Amour, Michael Haneke, 2012




Michael Haneke non vuole spiegare cosa significhi l’amore, gli interessa registrare, con occhio freddo e lucido, cosa comporti l’avvento di una grave malattia all’interno di una coppia di persone che vivono insieme da molto tempo.
Georges (Jean Louis Trintignant) e Anne (Emmanuelle Riva), ottantenni, insegnanti di musica ormai in pensione, passano una vita tranquilla e normale fino a quando Anne non viene colta da un ictus. Haneke si limita a mostrare in maniera realistica il progredire della malattia. La quotidianità dei due si deve adeguare alla nuova condizione in cui si trova Anne. La vediamo sulla sedia a rotelle, sul letto automatico, nel bagno. Sempre con il marito al fianco, che la aiuta e la accudisce. I due continuano, seppur condizionati dallo stato di Anne, a condurre una vita uguale a prima.
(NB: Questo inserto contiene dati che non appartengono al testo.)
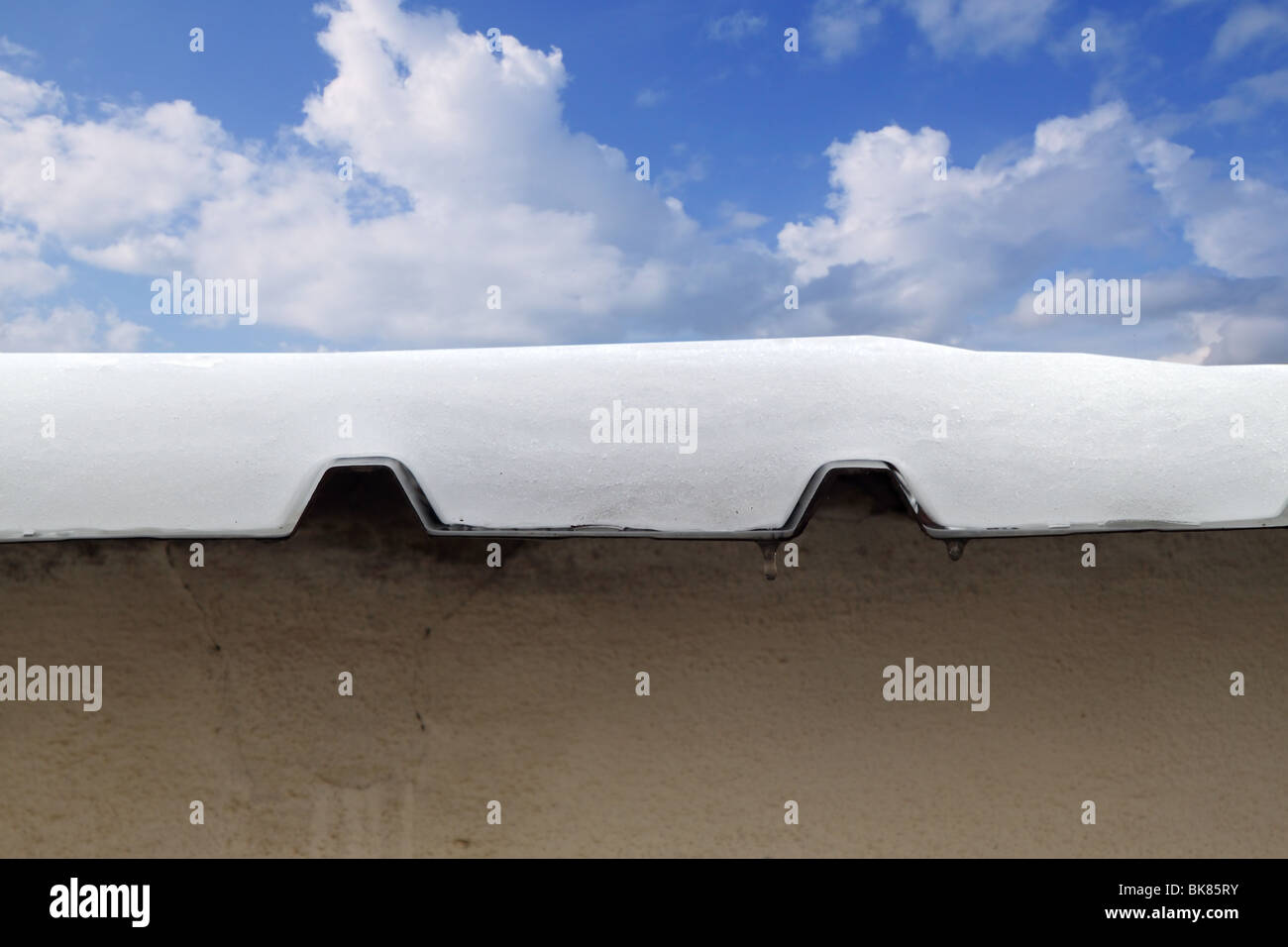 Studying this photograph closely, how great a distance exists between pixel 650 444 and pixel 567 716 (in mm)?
708

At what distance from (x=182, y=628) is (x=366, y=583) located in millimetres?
463

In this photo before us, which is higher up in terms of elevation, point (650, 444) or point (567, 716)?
point (650, 444)

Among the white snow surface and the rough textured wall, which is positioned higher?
the white snow surface

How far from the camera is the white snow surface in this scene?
62.7 inches

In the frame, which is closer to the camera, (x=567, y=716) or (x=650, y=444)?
(x=650, y=444)

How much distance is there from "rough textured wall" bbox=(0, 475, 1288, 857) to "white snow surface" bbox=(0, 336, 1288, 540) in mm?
253

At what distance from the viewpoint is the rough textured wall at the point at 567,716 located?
6.03 ft

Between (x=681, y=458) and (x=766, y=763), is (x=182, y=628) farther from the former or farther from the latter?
(x=766, y=763)

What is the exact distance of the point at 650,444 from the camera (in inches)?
65.4

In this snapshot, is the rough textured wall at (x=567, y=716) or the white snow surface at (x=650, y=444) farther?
the rough textured wall at (x=567, y=716)

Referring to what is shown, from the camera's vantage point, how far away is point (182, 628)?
1.85 meters

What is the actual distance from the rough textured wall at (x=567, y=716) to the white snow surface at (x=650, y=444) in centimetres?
25

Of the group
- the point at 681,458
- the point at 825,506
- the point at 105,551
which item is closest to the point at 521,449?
the point at 681,458

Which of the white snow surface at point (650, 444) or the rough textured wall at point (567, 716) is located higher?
the white snow surface at point (650, 444) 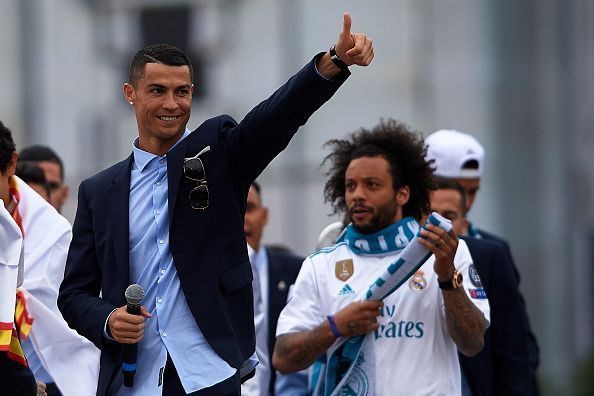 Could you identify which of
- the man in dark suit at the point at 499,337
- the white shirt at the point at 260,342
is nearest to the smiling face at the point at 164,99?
the man in dark suit at the point at 499,337

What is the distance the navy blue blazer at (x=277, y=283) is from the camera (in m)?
9.41

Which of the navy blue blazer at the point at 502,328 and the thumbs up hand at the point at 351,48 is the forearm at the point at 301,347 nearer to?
the navy blue blazer at the point at 502,328

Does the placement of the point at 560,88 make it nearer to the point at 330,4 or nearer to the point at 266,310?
the point at 330,4

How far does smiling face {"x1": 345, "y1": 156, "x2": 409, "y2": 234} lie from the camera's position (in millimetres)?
7672

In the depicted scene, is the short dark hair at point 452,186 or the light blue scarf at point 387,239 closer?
the light blue scarf at point 387,239

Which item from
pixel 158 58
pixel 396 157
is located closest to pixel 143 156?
pixel 158 58

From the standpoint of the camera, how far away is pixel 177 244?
249 inches

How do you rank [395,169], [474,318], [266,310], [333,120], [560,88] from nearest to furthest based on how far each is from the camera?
[474,318], [395,169], [266,310], [333,120], [560,88]

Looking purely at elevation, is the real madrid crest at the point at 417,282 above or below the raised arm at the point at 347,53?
below

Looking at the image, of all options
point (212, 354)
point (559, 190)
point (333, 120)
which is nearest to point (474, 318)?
point (212, 354)

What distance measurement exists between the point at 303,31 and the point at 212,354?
44.2ft

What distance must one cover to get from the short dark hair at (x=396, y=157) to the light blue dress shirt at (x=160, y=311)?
5.68 feet

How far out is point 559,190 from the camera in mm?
21156

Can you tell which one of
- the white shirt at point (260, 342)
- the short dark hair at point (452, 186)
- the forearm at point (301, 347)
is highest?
the short dark hair at point (452, 186) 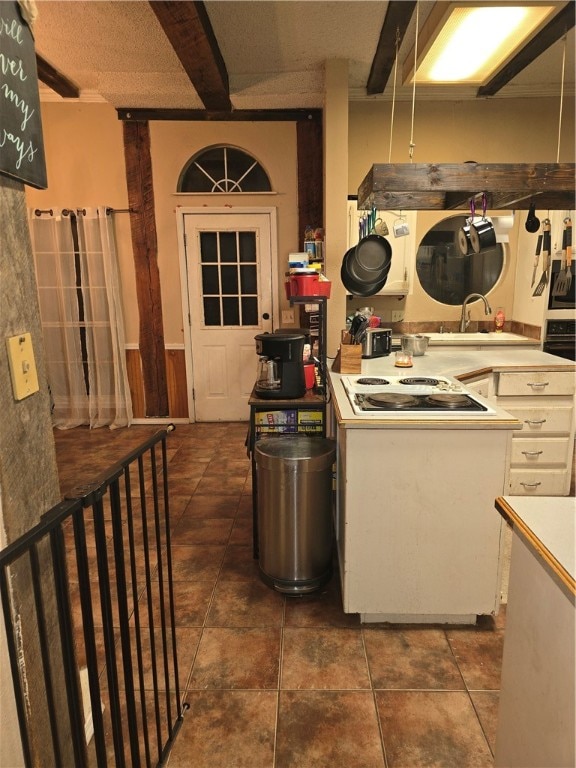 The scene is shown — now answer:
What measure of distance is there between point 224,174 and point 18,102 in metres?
3.99

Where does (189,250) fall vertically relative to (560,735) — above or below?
above

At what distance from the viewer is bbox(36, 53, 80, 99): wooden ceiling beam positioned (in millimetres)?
3939

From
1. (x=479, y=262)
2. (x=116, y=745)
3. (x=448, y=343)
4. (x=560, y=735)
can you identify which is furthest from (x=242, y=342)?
(x=560, y=735)

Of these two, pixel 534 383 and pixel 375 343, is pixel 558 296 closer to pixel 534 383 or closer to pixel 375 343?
pixel 534 383

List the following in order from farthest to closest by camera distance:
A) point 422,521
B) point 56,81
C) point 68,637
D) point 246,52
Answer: point 56,81, point 246,52, point 422,521, point 68,637

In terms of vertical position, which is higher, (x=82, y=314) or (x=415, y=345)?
(x=82, y=314)

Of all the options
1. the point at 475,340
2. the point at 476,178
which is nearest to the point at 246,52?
the point at 476,178

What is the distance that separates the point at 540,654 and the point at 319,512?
4.49 ft

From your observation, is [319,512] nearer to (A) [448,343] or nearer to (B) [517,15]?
(A) [448,343]

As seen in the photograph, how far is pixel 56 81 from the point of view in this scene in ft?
13.8

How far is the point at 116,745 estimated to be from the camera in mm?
1262

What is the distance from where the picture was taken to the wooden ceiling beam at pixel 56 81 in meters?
3.94

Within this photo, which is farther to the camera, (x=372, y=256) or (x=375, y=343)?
(x=375, y=343)

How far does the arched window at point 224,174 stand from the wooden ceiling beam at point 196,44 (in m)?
0.67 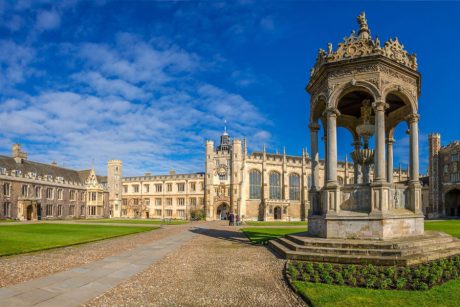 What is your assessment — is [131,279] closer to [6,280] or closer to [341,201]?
[6,280]

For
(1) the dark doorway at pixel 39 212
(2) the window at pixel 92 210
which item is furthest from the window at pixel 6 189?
(2) the window at pixel 92 210

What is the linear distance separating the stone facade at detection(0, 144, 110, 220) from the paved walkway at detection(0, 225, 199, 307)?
47.8 metres

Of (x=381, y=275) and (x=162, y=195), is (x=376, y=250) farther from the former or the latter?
(x=162, y=195)

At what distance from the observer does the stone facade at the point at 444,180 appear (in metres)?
62.8

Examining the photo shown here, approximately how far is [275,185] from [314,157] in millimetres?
55868

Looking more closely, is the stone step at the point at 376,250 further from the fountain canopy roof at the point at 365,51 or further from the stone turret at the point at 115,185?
the stone turret at the point at 115,185

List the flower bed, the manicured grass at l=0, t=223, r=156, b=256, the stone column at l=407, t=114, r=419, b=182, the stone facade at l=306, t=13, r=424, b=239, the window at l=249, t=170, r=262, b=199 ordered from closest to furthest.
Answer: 1. the flower bed
2. the stone facade at l=306, t=13, r=424, b=239
3. the stone column at l=407, t=114, r=419, b=182
4. the manicured grass at l=0, t=223, r=156, b=256
5. the window at l=249, t=170, r=262, b=199

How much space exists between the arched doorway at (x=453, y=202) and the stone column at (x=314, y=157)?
61.6 metres

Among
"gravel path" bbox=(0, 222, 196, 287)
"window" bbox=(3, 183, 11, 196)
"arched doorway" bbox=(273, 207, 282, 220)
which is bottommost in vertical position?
"arched doorway" bbox=(273, 207, 282, 220)

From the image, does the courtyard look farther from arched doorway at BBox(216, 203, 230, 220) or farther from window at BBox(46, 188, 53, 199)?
arched doorway at BBox(216, 203, 230, 220)

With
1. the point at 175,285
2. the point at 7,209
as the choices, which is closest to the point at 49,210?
the point at 7,209

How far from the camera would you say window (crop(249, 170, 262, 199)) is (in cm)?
6881

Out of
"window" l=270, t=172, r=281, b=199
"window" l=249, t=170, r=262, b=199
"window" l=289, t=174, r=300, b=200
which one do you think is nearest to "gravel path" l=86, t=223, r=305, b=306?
"window" l=249, t=170, r=262, b=199

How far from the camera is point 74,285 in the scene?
791 cm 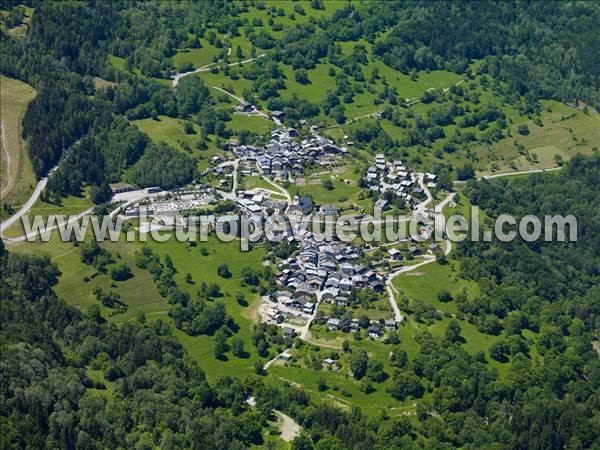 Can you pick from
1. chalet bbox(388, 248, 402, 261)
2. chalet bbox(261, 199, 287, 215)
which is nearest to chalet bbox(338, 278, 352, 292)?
chalet bbox(388, 248, 402, 261)

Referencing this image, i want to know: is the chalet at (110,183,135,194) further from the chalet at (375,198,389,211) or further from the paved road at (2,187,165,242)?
the chalet at (375,198,389,211)

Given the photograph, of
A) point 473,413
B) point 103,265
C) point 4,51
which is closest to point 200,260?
point 103,265

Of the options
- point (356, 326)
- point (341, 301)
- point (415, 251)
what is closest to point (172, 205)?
point (341, 301)

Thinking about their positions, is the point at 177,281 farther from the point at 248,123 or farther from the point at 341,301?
the point at 248,123

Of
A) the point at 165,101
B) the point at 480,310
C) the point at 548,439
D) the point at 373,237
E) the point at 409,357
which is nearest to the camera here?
the point at 548,439

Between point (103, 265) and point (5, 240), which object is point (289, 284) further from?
point (5, 240)

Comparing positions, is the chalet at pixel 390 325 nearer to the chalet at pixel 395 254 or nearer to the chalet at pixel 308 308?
the chalet at pixel 308 308
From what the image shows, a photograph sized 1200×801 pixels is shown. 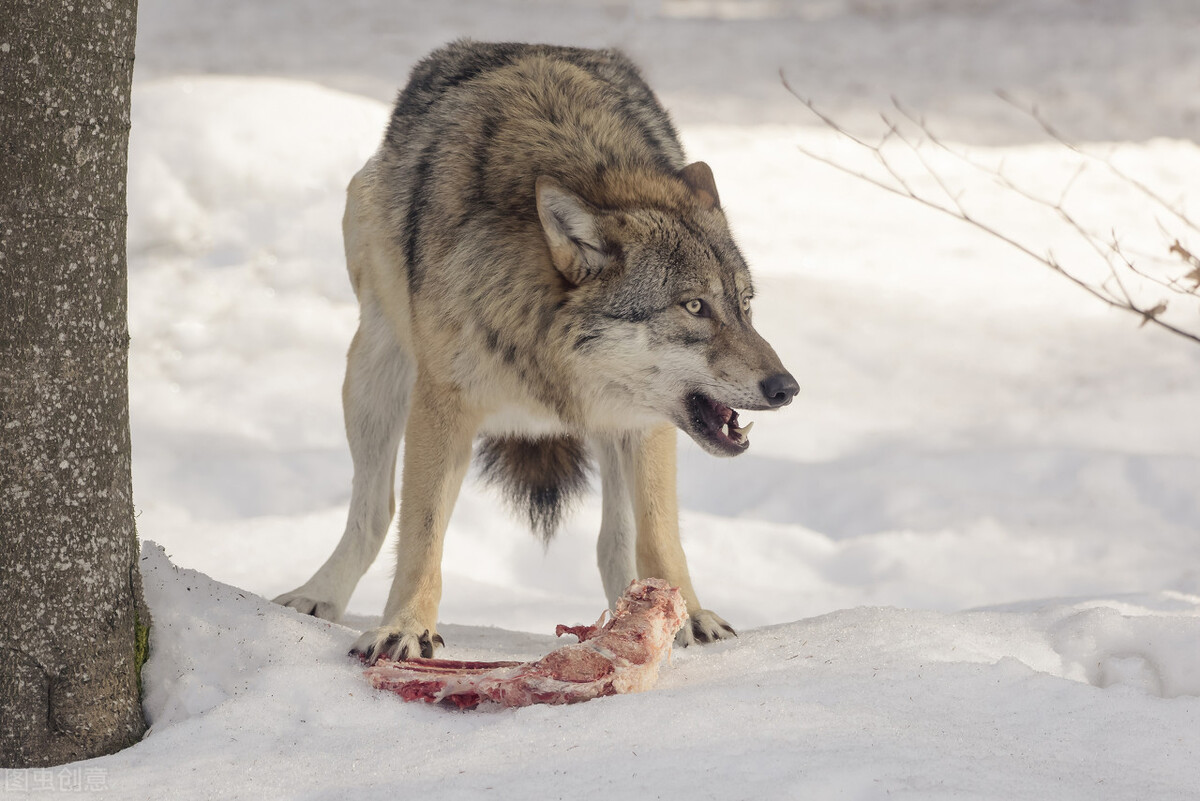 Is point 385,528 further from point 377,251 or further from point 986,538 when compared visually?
point 986,538

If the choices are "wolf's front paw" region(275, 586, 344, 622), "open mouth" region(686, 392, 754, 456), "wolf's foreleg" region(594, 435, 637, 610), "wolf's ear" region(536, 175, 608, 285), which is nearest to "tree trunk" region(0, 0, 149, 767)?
"wolf's ear" region(536, 175, 608, 285)

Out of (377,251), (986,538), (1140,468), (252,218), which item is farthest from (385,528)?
(252,218)

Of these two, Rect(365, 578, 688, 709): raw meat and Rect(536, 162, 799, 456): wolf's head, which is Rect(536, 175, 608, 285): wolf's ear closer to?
Rect(536, 162, 799, 456): wolf's head

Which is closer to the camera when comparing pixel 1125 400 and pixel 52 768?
pixel 52 768

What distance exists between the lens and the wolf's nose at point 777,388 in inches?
126

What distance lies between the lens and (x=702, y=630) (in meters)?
3.61

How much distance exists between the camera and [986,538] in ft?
21.3

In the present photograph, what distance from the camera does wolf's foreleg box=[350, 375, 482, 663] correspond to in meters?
3.49

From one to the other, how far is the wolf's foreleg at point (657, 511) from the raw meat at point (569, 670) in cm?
62

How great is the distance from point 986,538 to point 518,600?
2.62 m

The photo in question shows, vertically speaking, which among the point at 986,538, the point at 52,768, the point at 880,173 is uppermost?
the point at 880,173

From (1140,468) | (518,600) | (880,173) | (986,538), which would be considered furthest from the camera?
(880,173)

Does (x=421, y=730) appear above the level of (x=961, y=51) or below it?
below

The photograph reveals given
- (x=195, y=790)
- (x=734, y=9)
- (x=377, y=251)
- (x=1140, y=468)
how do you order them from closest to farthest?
(x=195, y=790)
(x=377, y=251)
(x=1140, y=468)
(x=734, y=9) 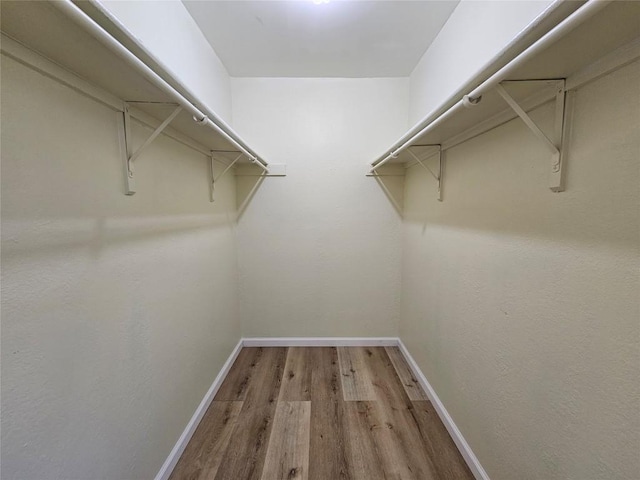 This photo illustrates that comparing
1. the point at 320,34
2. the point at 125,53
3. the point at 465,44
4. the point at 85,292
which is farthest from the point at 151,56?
the point at 465,44

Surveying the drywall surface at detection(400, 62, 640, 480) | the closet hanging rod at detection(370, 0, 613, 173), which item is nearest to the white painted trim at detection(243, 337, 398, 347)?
the drywall surface at detection(400, 62, 640, 480)

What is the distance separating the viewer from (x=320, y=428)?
1.53m

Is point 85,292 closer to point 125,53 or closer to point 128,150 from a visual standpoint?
point 128,150

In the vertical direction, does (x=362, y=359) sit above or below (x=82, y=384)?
below

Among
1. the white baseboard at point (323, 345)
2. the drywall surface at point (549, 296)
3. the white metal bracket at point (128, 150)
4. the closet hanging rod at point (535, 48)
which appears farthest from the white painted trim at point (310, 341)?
the closet hanging rod at point (535, 48)

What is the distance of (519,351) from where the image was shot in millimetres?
980

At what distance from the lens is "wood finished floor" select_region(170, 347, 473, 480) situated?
1.29 meters

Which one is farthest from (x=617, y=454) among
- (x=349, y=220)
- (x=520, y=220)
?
(x=349, y=220)

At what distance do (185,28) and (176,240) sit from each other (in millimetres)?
1227

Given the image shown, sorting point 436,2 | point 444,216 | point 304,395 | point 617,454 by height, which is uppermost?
point 436,2

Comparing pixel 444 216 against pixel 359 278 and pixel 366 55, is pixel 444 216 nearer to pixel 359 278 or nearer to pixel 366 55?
pixel 359 278

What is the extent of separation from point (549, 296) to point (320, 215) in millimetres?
1671

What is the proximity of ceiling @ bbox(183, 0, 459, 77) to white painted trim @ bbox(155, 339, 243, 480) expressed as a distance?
92.2 inches

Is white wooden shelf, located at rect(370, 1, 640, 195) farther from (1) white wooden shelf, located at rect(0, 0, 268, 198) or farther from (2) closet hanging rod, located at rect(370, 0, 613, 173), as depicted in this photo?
(1) white wooden shelf, located at rect(0, 0, 268, 198) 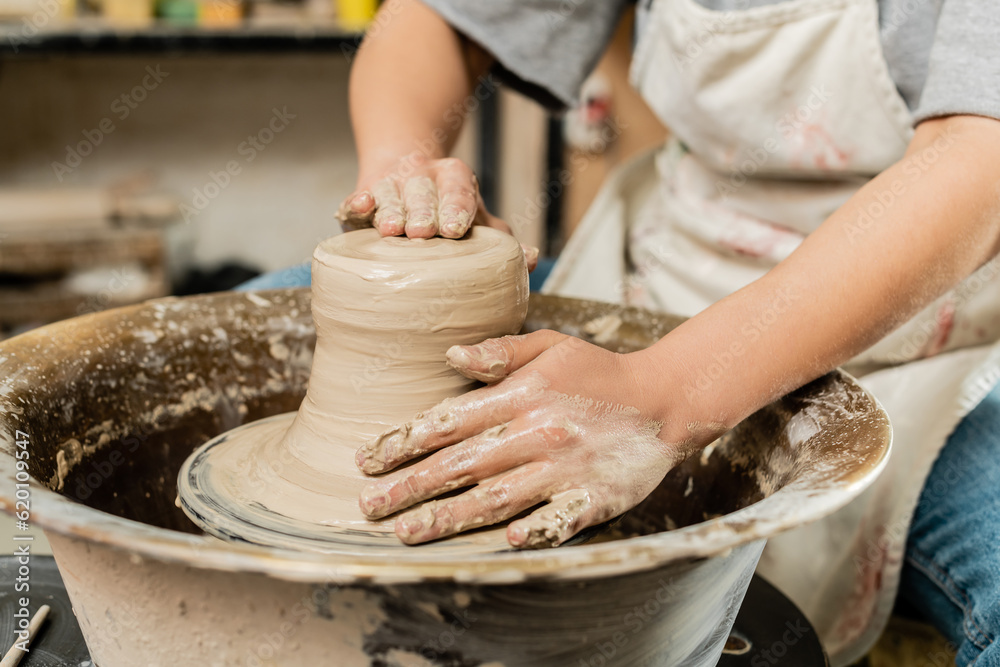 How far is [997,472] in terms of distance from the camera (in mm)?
938

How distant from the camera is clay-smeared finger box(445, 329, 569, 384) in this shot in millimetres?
689

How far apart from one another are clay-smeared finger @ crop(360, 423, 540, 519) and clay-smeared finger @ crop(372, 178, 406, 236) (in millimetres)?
258

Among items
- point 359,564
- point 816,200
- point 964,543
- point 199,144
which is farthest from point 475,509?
point 199,144

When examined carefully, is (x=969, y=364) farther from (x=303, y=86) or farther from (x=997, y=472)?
(x=303, y=86)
Uguale perché ciò che li unisce è rimasto immutato. Haneke costruisce le geometrie del suo sguardo all’interno del loro appartamento, i piani fissi corrispondono alle varie stanze nelle quali si svolgono le azioni di una vita quotidiana. La cucina, il bagno, la camera da letto, il salone.
Con l’aggravarsi dello stato di Anne, colpita da un secondo ictus, che la costringe al letto e ad una invalidità quasi totale, anche Georges si trova in una nuova condizione, quella di non riconoscere più la moglie. Quel corpo che continua ad accudire, a pulire, ad alimentare, si allontana sempre di più dalla persona che lui ha conosciuto e amato. Ed è in questo momento che il regista austriaco tenta di comprendere quali siano i limiti dell’amore e dell’egoismo e quale sia il confine tra il tentativo di continuare a vivere e il dolore che da esso proviene. Le cure nei confronti di Anne sembrano trasformarsi in torture, il dover bere e mangiare, il cambio del pannolone, una infermiera che la pettina. E’ ancora amore cercare di tenere in vita una persona quando quello che facciamo per lei non le provoca altro che sofferenza?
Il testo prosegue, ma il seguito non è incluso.